#### TASK TO CARRY OUT
Starting at the line that contains "736x783 Clip Art Rainforest Plants Clipart" and stopping at the line that contains "HEMBRA DE BULLDOG", restate each line of the records below exactly. Omit the pictures.

Brief descriptive captions:
_ _ _ _ _
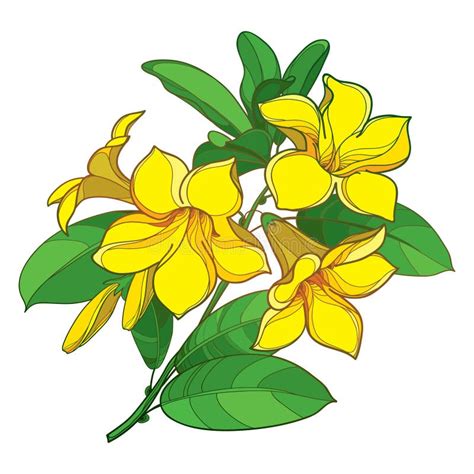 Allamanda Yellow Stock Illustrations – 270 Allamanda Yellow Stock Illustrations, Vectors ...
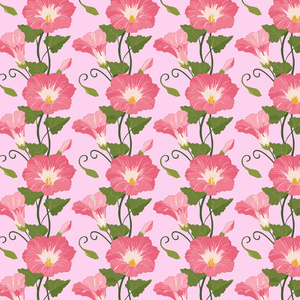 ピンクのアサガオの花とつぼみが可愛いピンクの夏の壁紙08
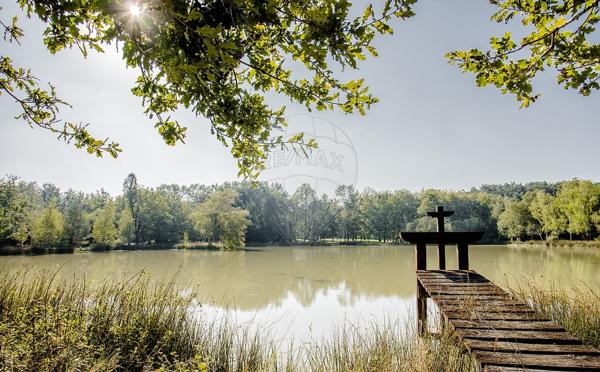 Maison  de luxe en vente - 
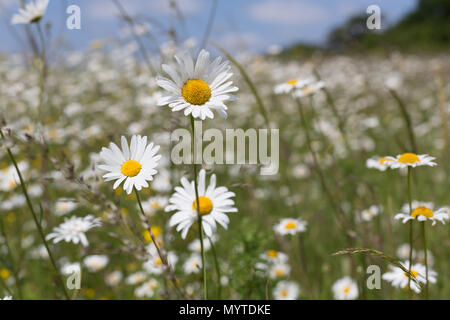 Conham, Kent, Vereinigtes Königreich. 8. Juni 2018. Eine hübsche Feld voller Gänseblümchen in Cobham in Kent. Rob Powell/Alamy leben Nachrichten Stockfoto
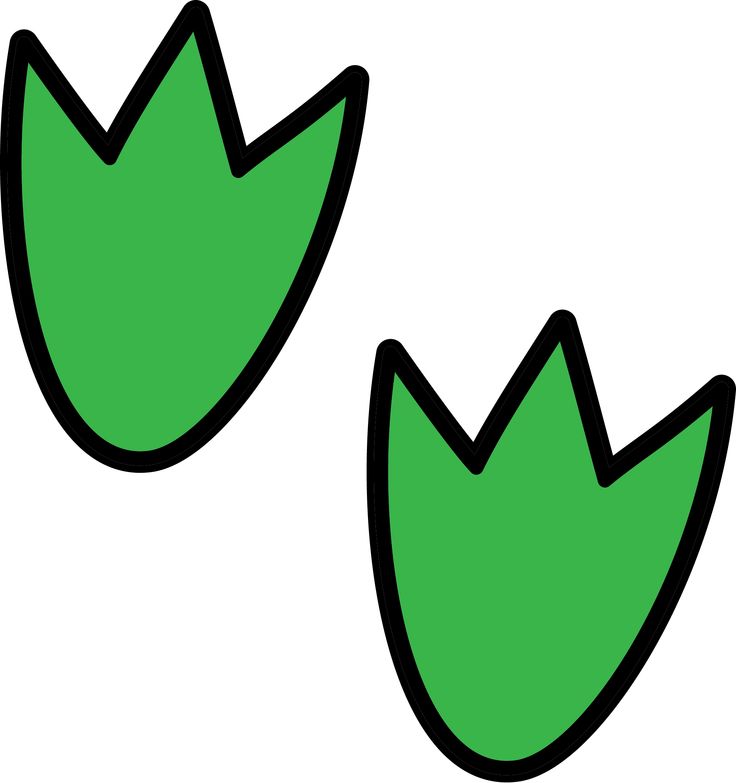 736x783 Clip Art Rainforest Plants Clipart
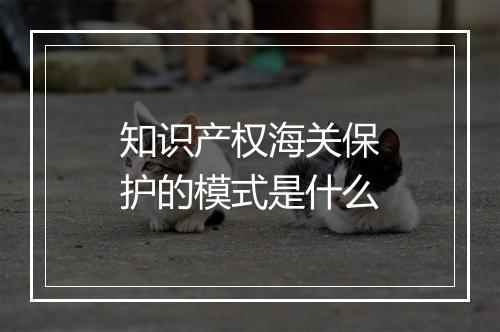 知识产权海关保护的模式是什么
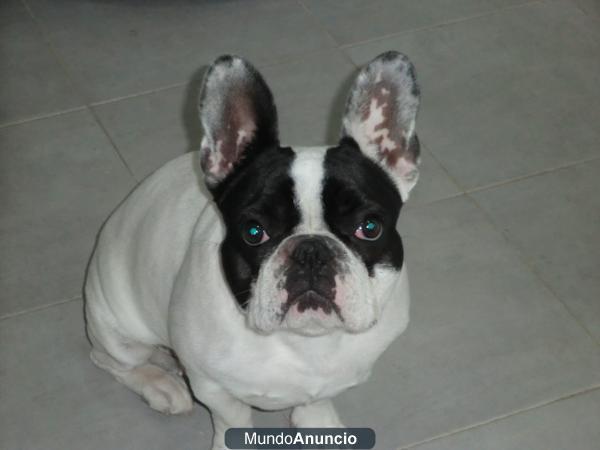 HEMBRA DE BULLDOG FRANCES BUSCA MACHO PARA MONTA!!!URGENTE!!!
_ _ _ _ _
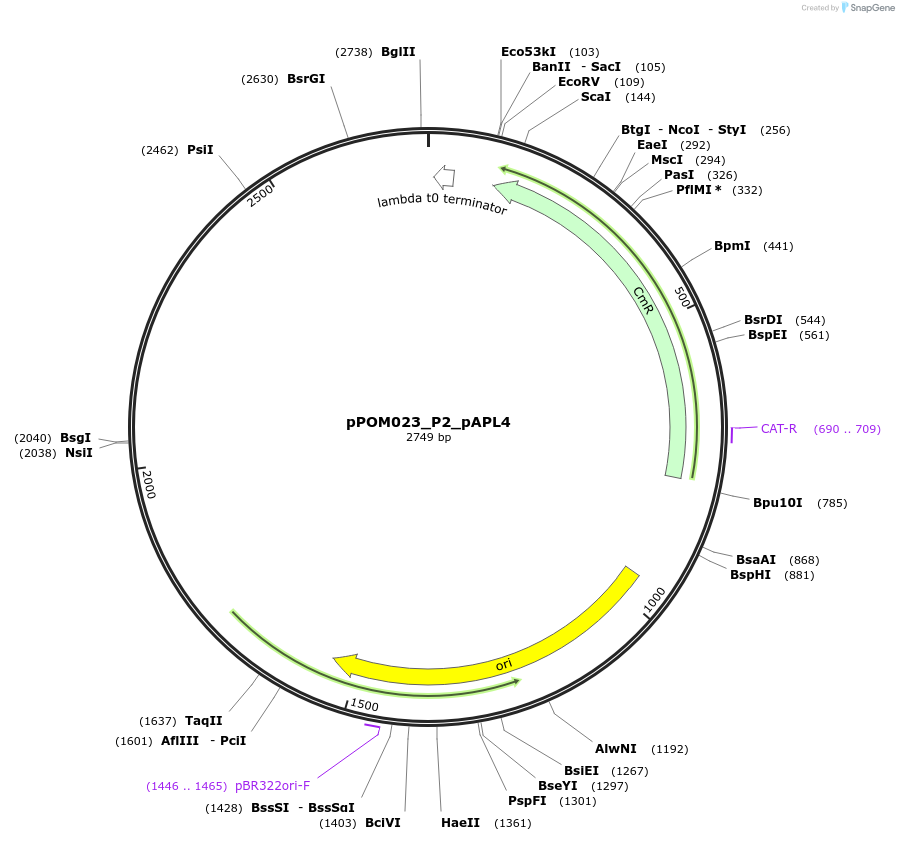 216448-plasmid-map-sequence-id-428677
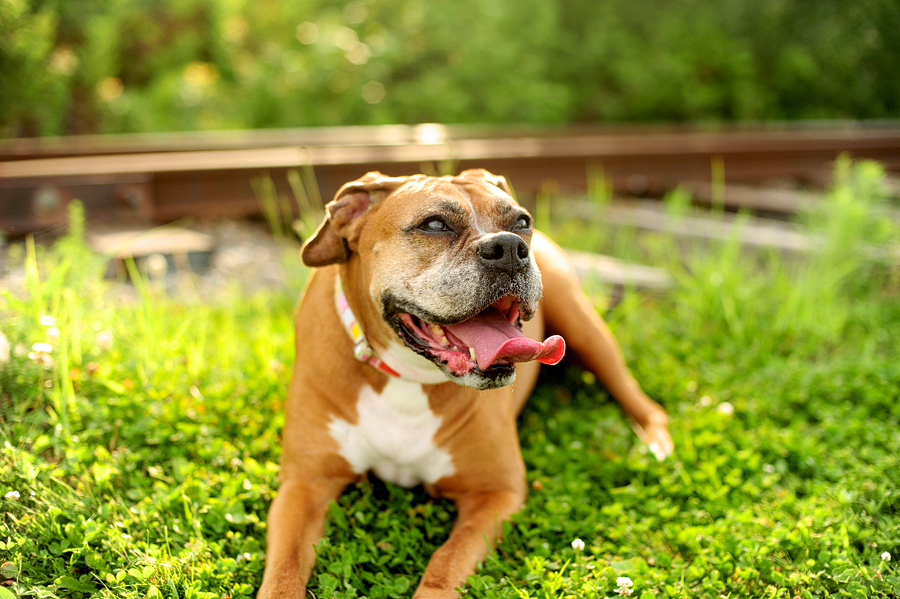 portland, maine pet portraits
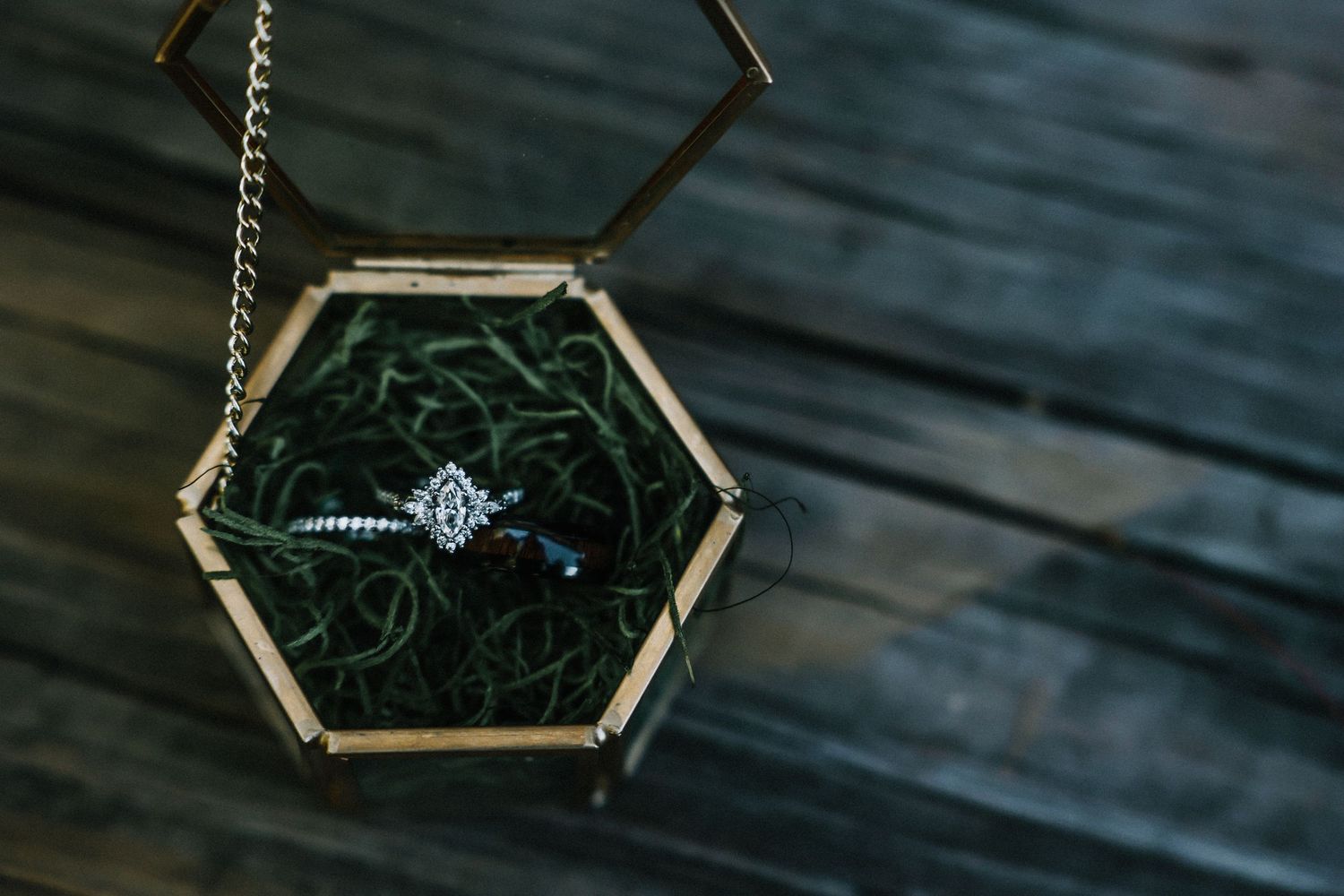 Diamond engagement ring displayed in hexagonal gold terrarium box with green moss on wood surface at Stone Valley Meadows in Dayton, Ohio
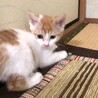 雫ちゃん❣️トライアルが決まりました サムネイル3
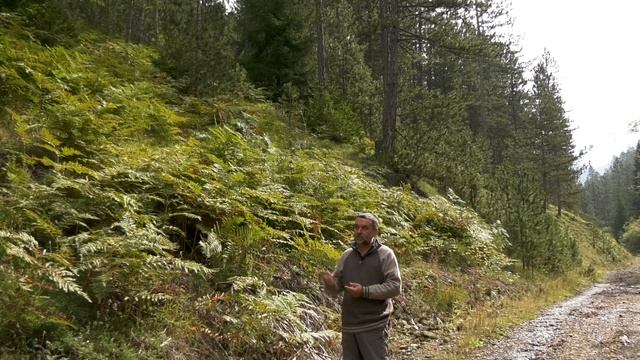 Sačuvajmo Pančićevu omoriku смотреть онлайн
_ _ _ _ _
#### SOLVED EXERCISE
 736x783 Clip Art Rainforest Plants Clipart
 知识产权海关保护的模式是什么
 HEMBRA DE BULLDOG FRANCES BUSCA MACHO PARA MONTA!!!URGENTE!!!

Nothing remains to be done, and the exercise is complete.